Suoni Naviganti

jazz


Si è conclusa domenica 5 luglio la rassegna “Suoni naviganti”, iniziativa nata per la valorizzazione del territorio dei navigli lombardi. Dopo i primi due appuntamenti al Castello di Abbiategrasso, che hanno visto sul palco Enrico Rava insieme al New Quintet e Stefano Benni e Paolo Damiani nello spettacolo “Apparizioni”. Le note jazz hanno contagiato anche il pubblico della Villa Castelbarco di Vaprio D’Adda, teatro delle performance di Gianmaria Testa in duo con Gabriele Mirabassi e di Giovanni Nuti, interprete di “Rasoi di seta”, frutto del sodalizio artistico con Alda Merini. Una serata, quest’ultima, che ha caricato di straordinaria potenza drammatica le antiche scuderie di Villa Castelbarco. Dapprima il chiacchiericcio – sofisticato anch’esso – dei presenti all’evento, poi all’entrare del cantautore toscano e dell’orchestra di cinque elementi (pianoforte, oboe, chitarra, violino e percussioni) il silenzio. Assente alla rappresentazione per motivi di salute e familiari, la Merini era presente con i suoi versi, che risuonavano e si fondevano con le musiche create apposta per esaltarli, suggerire impressioni, stimolare immagini.

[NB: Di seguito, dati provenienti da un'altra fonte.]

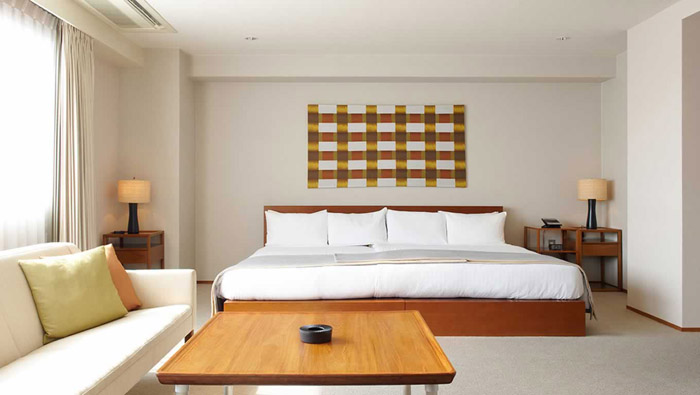 Дизайн спальни в японском стиле - фото №8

La poetessa raccontò a Giovanni Nuti che durante gli anni di ricovero in manicomio, tutti i giorni si affacciava alla finestra per vedere se qualcuno sarebbe andato a trovarla. Tutti i giorni per quindici anni. E non andò mai nessuno. Ma aggiunse anche: “La musica che hai scritto è quella che io sentivo quando ero in manicomio”. Musicati i suoi versi, è stata data voce a quelli che lei definisce i poeti poveri senza una casa libera […] tutti noi costretti dentro […] siamo una fede senza profeti. È prepotente la sua voglia di vita, il suo bisogno di raccontarla e di aggrapparsi ai giorni e al tempo, come recitano i suoi versi ed evocano le note: “Io come voi sono stato sorpreso mentre rubavo la vita col mio desiderio d’amore”, “Il seme del vivere […] dove può germogliare Dio”.
Ma la vita della Merini è anche – e tanto – sofferenza e disperazione (“Ho mangiato vergogna ogni giorno. […] La scienza del dolore dell’uomo è la scienza mia”). Per gli amori che fanno male e bruciano ogni speranza (Un amore così bello non doveva far male. / L’uomo per sé vuole le cose eterne e non sa come dirlo all’altro che non ha capito niente. / Prima di venire portami tre rose rosse e un grosso ditale per ricucirmi il cuore). Per la solitudine, l’assenza di calore e l’indifferenza degli uomini, ben espressi nella poesia “La stufa di maiolica” e nella versione musicata che sulla copertina del cd fa troneggiare una stufa in una spiaggia assolata con tanto di ombrelloni.

Per coloro che, come la vicina di casa inopportuna, “la zanzara folle che apre le mie finestre”, non hanno la pazienza di cercare la chiave giusta per comunicare. E per quelli che la vita ha travolto, per chi non ce l’ha fatta, come la sua amica e collega, Mariella, morta suicida, che nella poesia “Che rumore fa l’acqua”, descrive solida come una quercia nonostante le caviglie sottili e il bisbiglio di uccello smarrito, innamorata di un sogno che non si avverava mai.
La risposta al male di vivere nella Merini sta nell’infinita delicatezza per tutte le creature, nella capacità di riservare a ciascuno l’attenzione che salva dal silenzio e dall’abbandono: “per toccare una rosa ci vuole un credo di Dio, una magica aspettazione e nessun tempo”.